Élu l'an passé à la tête de la Fédération française de tennis pour lui insuffler "la culture de la gagne", le président Bernard Giudicelli joue gros mercredi à Bastia dans une affaire de favoritisme qui a décrédibilisé son image de réformateur, tout comme ses volte-faces sur la Coupe Davis.

Le tribunal correctionnel de Bastia dira s'il est coupable ou non dans ce dossier qui concerne la construction d'un centre de tennis à Lucciana, commune de 3.800 habitants, lorsqu'il était président de la ligue corse. Son erreur présumée ? Avoir limité la parution de l'appel d'offres pour ce marché de 2,8 millions d'euros au site web de la ligue au lieu de l'insérer aussi dans un journal professionnel.
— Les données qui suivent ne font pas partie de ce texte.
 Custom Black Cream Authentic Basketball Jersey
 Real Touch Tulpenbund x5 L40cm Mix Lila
Le parquet a requis six mois de prison avec sursis à l'encontre de cet ancien joueur amateur, de niveau modeste (classé 30/2), qui juge le réquisitoire "injuste". "C'est le procès du bénévolat", estime le patron de la FFT, tombé amoureux de la petite balle jaune à 21 ans devant la finale de Roland-Garros 1979 opposant Björn Borg à Victor Pecci.
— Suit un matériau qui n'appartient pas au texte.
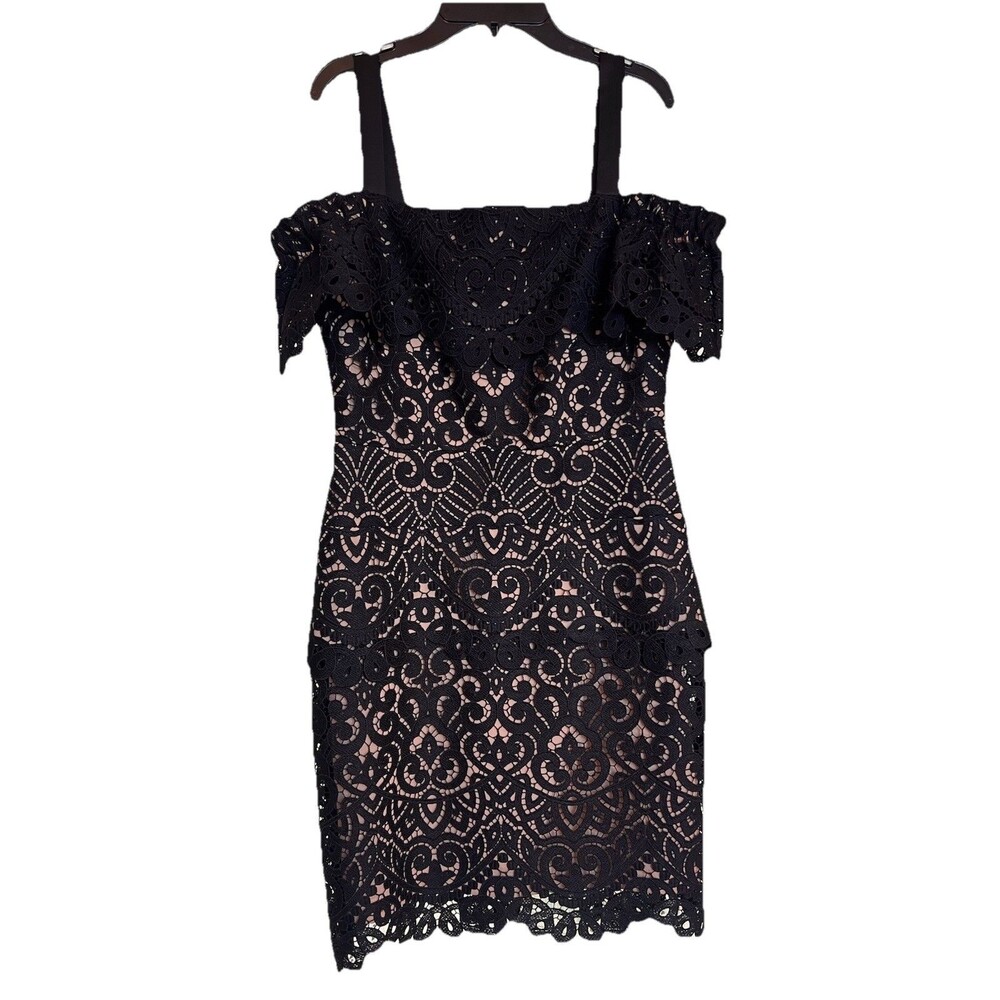 Nicole Miller Mesh Lace Mini Dress Black Beige Women's SIZE 4 Overlay Sexy Celeb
Ce fils et petit-fils de pêcheurs, âgé de 60 ans, a gravi patiemment les échelons jusqu'au sommet du tennis français et veut éviter un nouveau revers judiciaire après une première condamnation, pour diffamation.
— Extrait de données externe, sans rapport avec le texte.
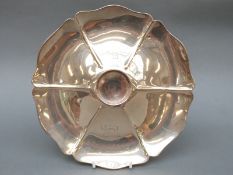 A Victorian hallmarked silver serving or hors d'oeuvres dish, London 1868,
Il a écopé de 10.000 euros d'amende après ses attaques envers Gilles Moretton, un ex-joueur français, ami de longue date de Yannick Noah, qu'il avait accusé d'alimenter "le réseau des concierges qui se procuraient des billets (de Roland-Garros) et les revendaient dix fois le prix".

- "Culture de la gagne" -

Les révélations sur ce commerce illicite, qui vise principalement l'ex-président Jean Gachassin et d'anciens tennismen français, avaient pollué la campagne pour la présidence de la deuxième plus puissante fédération sportive de France (1 million de licenciés, derrière le foot, 2,16 millions).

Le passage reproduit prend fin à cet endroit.